▶ _DIRECTIONS FOR THIS TASK_
Copy out exactly every line from the line containing "Discount Pamono Art Nouveau Gold Ring" until the records below end, inclusive of both boundary lines.

▶ _DATA FOR REVIEW_
════════════════════

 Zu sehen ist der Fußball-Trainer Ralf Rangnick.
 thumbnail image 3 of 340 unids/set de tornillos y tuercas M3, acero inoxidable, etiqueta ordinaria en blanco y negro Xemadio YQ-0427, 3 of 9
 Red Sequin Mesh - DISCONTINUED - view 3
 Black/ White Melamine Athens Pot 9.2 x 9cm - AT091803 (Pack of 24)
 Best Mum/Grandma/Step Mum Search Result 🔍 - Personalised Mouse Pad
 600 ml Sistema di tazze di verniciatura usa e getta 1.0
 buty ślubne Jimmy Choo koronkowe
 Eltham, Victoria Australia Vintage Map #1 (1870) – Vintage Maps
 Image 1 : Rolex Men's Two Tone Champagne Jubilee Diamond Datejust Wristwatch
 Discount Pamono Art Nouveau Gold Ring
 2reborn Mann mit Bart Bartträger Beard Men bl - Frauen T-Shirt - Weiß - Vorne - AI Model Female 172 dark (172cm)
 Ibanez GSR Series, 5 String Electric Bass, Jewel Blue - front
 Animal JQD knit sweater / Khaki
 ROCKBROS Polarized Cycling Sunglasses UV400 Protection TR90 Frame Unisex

════════════════════

▶ _EXPECTED ANSWER_
 Discount Pamono Art Nouveau Gold Ring
 2reborn Mann mit Bart Bartträger Beard Men bl - Frauen T-Shirt - Weiß - Vorne - AI Model Female 172 dark (172cm)
 Ibanez GSR Series, 5 String Electric Bass, Jewel Blue - front
 Animal JQD knit sweater / Khaki
 ROCKBROS Polarized Cycling Sunglasses UV400 Protection TR90 Frame Unisex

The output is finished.